Goldberg-Polin’s book, “When We See You Again,” offers a visceral accounting of those wounds. Written largely in real time as she and her family galvanized to save Hersh, and concluded after he was murdered in captivity alongside five other Israeli hostages, the book traverses a devastating arc and provides no tidy lessons for its readers, no clear vision of how the better future Hersh sought might become reality.

“The book is about two things and two things only, and that is love and pain,” Goldberg-Polin told the Jewish Telegraphic Agency in an interview conducted via Zoom from her home in Jerusalem. “I don’t know what people are expecting. This is not a memoir. This is not a tell-all. …  This is really just pain in words.”

Hersh Goldberg-Polin with his parents, Rachel and Jon, in an undated photograph taken prior to Oct. 7, 2023. (Courtesy Goldberg-Polin family)

Goldberg-Polin describes her pain in physical, concrete ways: She was hit by an 18-wheeler, pounded like a drum, struck with a mallet. Even today, she says, she can’t understand why the people around her ask her how she is doing when there is so clearly a dagger sticking out of her chest.

“It is right here. I see it plain as day,” she said. “I am so confused that I don’t know how to respond.”

People began to exhort Goldberg-Polin to strike a book deal while Hersh was still in Gaza, an idea that she said was incongruous with her singular mission of achieving his release. When she was ready to commit, she had already filled journals with what had transpired in her life and how it left her feeling. Her agent and editors at Random House helped organize the material, but she said they urged few revisions to the content of her writing. How could they?

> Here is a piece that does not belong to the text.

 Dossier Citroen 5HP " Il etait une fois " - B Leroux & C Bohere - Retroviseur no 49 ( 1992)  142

“They’re really not able to suggest things about how I feel having had my child stolen, maimed, tortured, starved, executed, returned to me in a bag with six bullet holes, skeletal, and I had to put him in the ground,” she said. “They were very aware that I was super sensitive.”

Now, Goldberg-Polin isn’t sure how the resulting book, whose cover recalls the masking tape that she wore marking the number of days since Oct. 7, will land with readers. Unlike the other major Oct. 7 memoir published so far in English, “Hostage” by Eli Sharabi, who learned after being freed last year that his wife and daughters had been murdered, her book doesn’t attempt to balance emotional devastation with a message of resilience.

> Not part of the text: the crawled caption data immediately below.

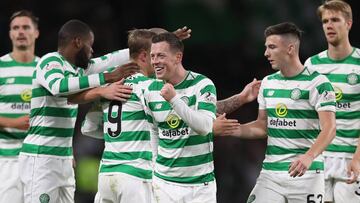 El Celtic celebra la clasificación.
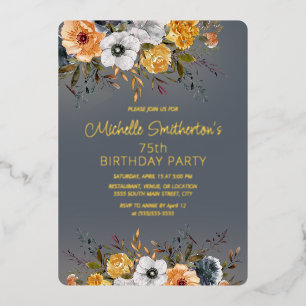 Dusty Blue Yellow Floral 75th Birthday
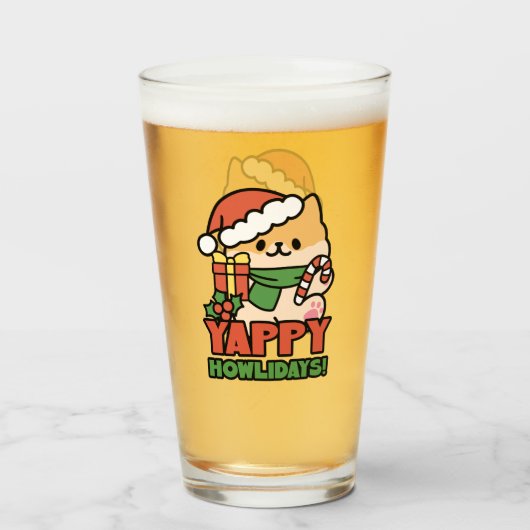 Yappy Howholidays - Schattigee Cartoon voor kersth Glas (Voorkant gevuld)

“I was in so much pain that I just tipped a little, and it just came pouring out,” she said. “It will either resonate with people because of that, or it will be really tough for people because of that.”

For those who prayed for the hostages until the last one, Ran Gvili, returned to Israel for burial in January, Goldberg-Polin’s book does offer new revelations. She recounts the gravity with which the wife of an Israeli official warned her early on that she would not see Hersh for a long time, even as well-meaning friends urged her to be optimistic.

She also reveals how her stomach fell when officials from Israel’s intelligence agency came to her home to survey the information-gathering her family’s own network had been able to accomplish. It was Oct. 10, and she realized that the Israeli government had no secret insights about how to bring Hersh home. “I remember thinking, This is not good,” she writes.

Goldberg-Polin discloses a trip with her husband to “a land where we should not have been” — which, she does not specify — to negotiate a deal for Hersh’s release. After reporting the proposal to someone in the Biden administration, the plan got back to the Israelis, who quashed it, she writes, adding an acid quip: “Loose lips sink hostages.” She never names the people who frustrated and harmed her.

Rachel Goldberg-Polin and Jon Polin posed with pictures of their son Hersh on the cover of Time Magazine in November 2023. (Screenshot)

She is effusive, though, when crediting those who helped ease her pain, such as the American students who transformed the masking tape from a private ritual into a communal effort. In one moving revelation, Goldberg-Polin describes being summoned to meet Or Levy after he was released from Gaza in February 2025. She had never met him before, but he had spent time with Hersh in Gaza, and he wanted to tell Hersh’s mother that he had heard her on the radio, that he knew about her efforts to get him back.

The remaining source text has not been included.